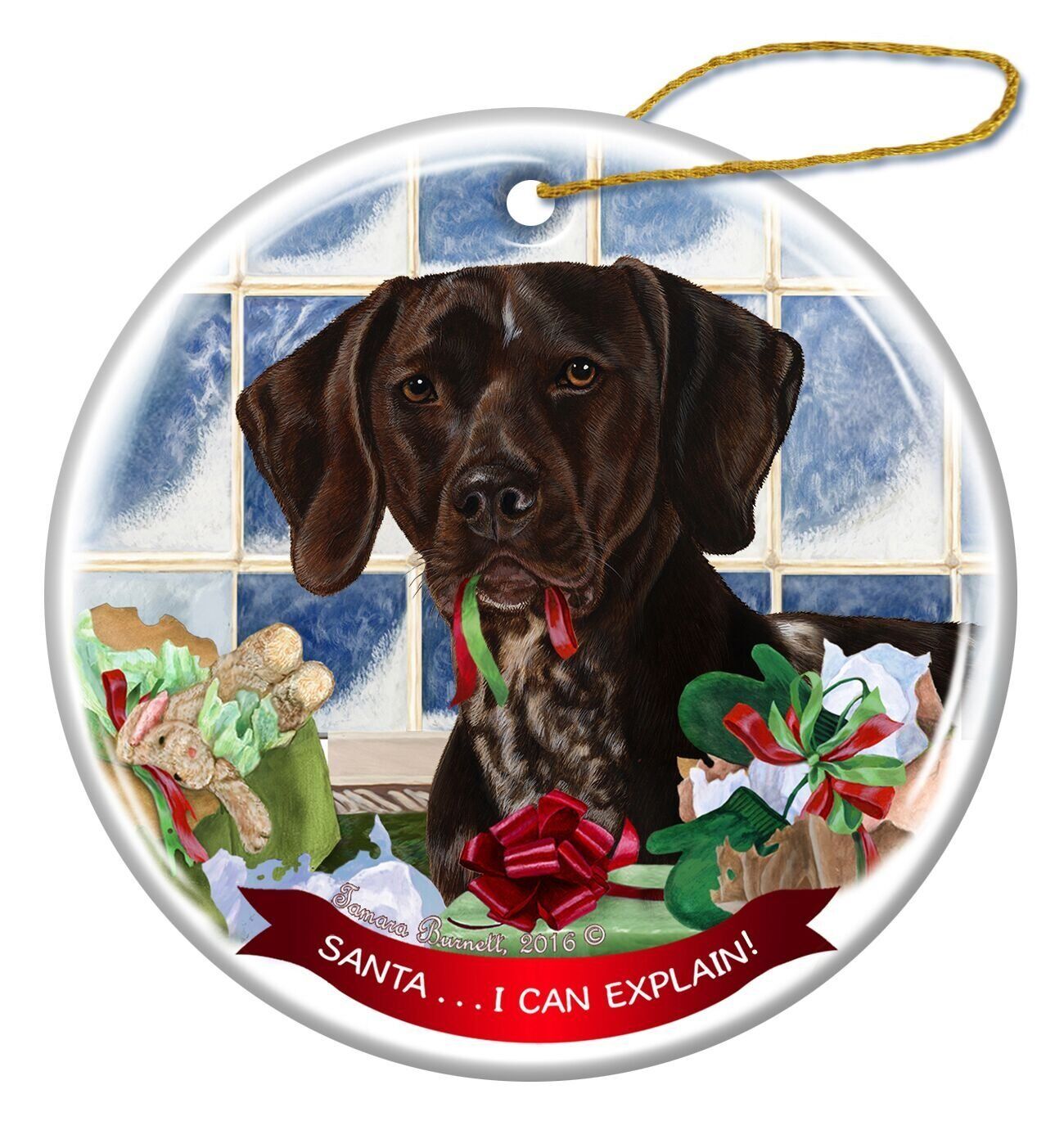 German Shorthair Porcelain Hanging Ornament Pet Gift Santa I Can Explain!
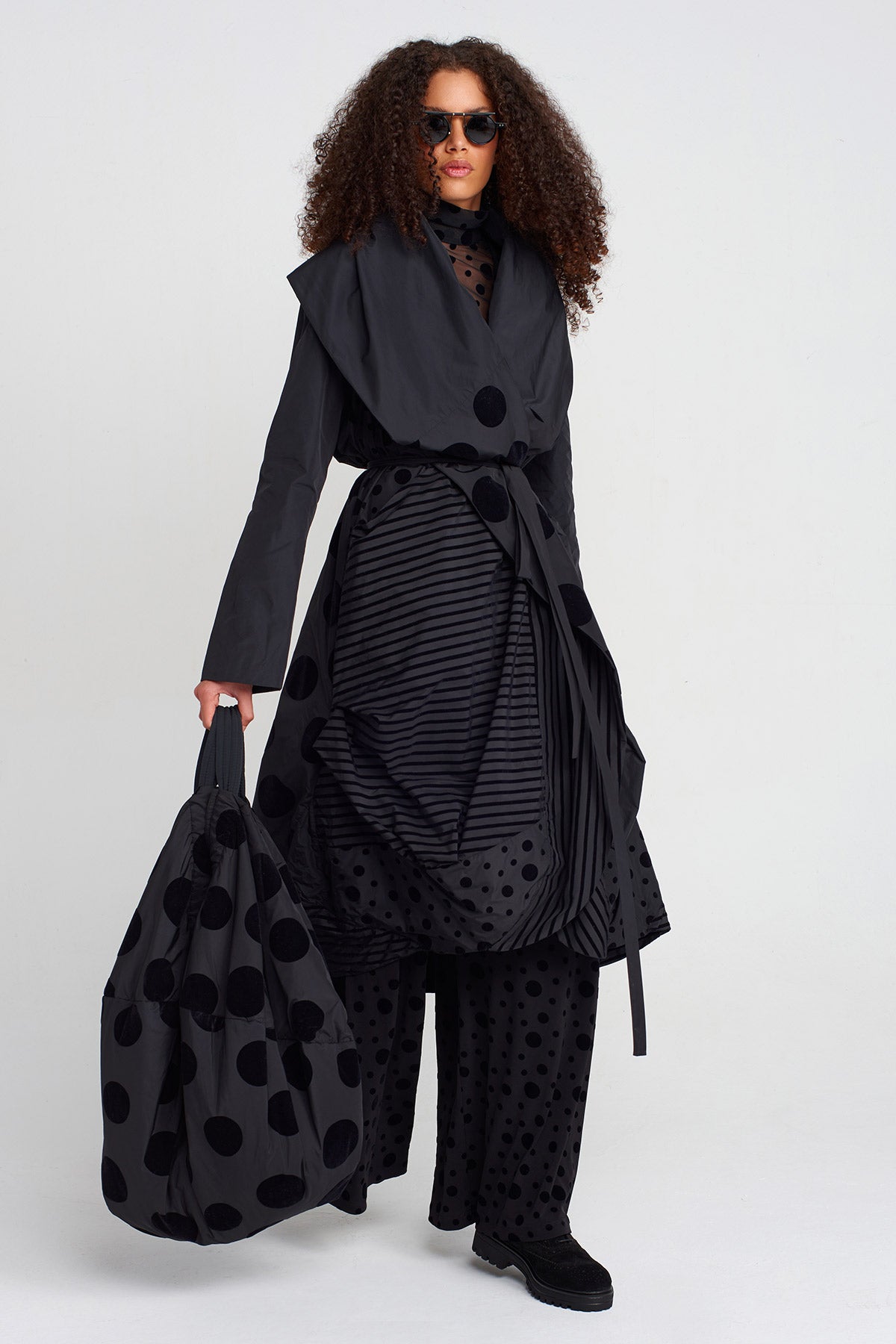 Multicolor Striped and Polka-Dot Draped Taffeta Coat-K257017004
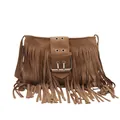 Bohemian brown suede shoulder bag with long fringes and large metal buckle detail - Khaki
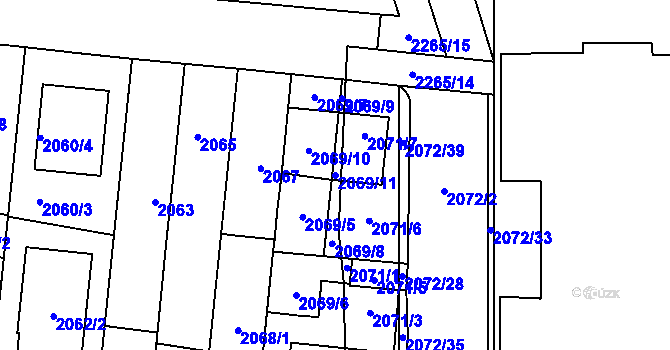 Parcela st. 2069/11 v KÚ Stodůlky, Katastrální mapa
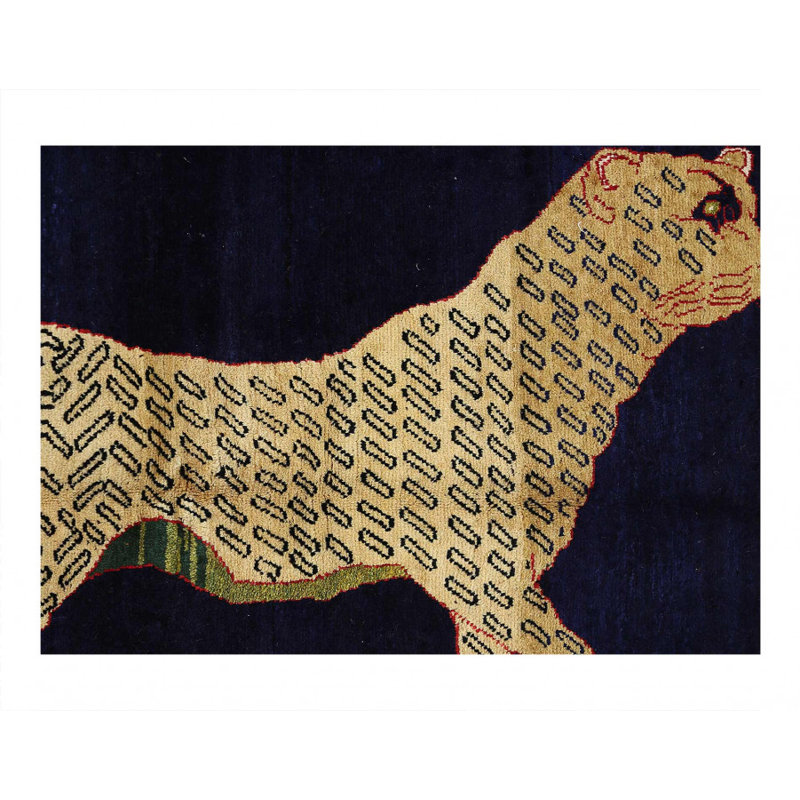 Tapis bleu marine en laine 3 pi 3 po x 4 pi 9 po Makyah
##########
From the line containing "Multicolor Striped and" through the last line of the records above, reproduce every line exactly, leaving out the pictures.

◆ Exercise output ◆
 Multicolor Striped and Polka-Dot Draped Taffeta Coat-K257017004
 Bohemian brown suede shoulder bag with long fringes and large metal buckle detail - Khaki
 Parcela st. 2069/11 v KÚ Stodůlky, Katastrální mapa
 Tapis bleu marine en laine 3 pi 3 po x 4 pi 9 po Makyah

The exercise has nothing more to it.